UVa will get Mizzell and Zaccheaus involved early and often this year
As UVa heads into its first season under new coach Bronco Mendenhall, the program is obviously undergoing an overhaul in all aspects.
One of the biggest changes, of course, will be on offense as the Cavaliers move a more up-tempo spread system under offensive coordinator Robert Anae. At BYU, his offenses scored often and were usually among the best offenses nationally in terms of points per game.
Perhaps no one will benefit more from the new scheme than UVa’s versatile home run hitters on offense: senior running back Taquan Mizzell and sophomore playmaker Olamide Zaccheaus.
Virginia benefited from the speed and athleticism of both Mizzell and Zacchaeus last season, but the offense as a whole wasn't consistent enough at finding ways to get them in the open field. UVa fans saw flashes from both, however, as they ended up the with productive seasons even if it often felt like they were just scratching the surface.
After wrapping up UVa’s final practice of the spring, Mendenhall commented that the Wahoos would try to get the ball to Mizzell and Zacchaeus as much as possible (and in a variety of ways) to take advantage of their skillsets. That idea excites both players as they will look to use the new system to their advantage.
“This offense has been great so far, and we’ve only put in about 25 percent of it,” Mizzell said after wrapping up spring ball. “Some of the plays, most of the plays we have, we operate to our players' strengths and put our players in positions to make plays. So that’s something I’m very comfortable with.”
Mizzell finished with 75 receptions last season, second most in a single season in program history and second most in a season by a running back in ACC history. Mendenhall said Mizzell will still be the featured back but they will look to use him in the slot as well.
For the rising senior, the idea of playing in different spots on the field isn’t an issue as long as the team can be successful.
“We have a lot of great players out here but I’m always ready for whatever they give me,” he said of his role on the team. “As a senior and playing for three years now, I’m always prepared for everything. I just want to go out with a bang and have the best year I’ve had so far.”
Zacchaeus, who committed to UVa as a running back, played primarily as a wide receiver last season.
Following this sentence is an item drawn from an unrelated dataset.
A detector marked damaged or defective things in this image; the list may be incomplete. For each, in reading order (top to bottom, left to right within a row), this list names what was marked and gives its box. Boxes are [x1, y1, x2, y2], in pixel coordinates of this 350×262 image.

He will likely be used in similar fashion this season and line up all over the field. For the rising sophomore, the new offense looks similar to what he ran when he starred at St. Joseph's Prep in Philadelphia.
“It’s felt a lot like high school because I ran a no-huddle spread offense in high school," he said. "It's just a great opportunity for all of us to make plays, and make people miss. Just getting the ball in the playmakers hands, and what it comes down to is making a play.”
Even before installing new schemes, UVa’s players had to adjust to a new philosophy for practicing under their new coaching staff. And even for some of the team’s best athletes, preparing to practice this spring was a challenge.
“Getting in the best shape you can,“ Zacchaeus said of what the Cavaliers were asked to do heading into the spring. As they did, even though the tempo runs and other conditioning was difficult, it will make them stronger in the long run. “Doing hard things together is what builds a team, so it's a great opportunity for us.”
Zacchaeus said that even though spring practices are done, fall camp is right around the corner and the staff and players will be expecting to pick up where they left off.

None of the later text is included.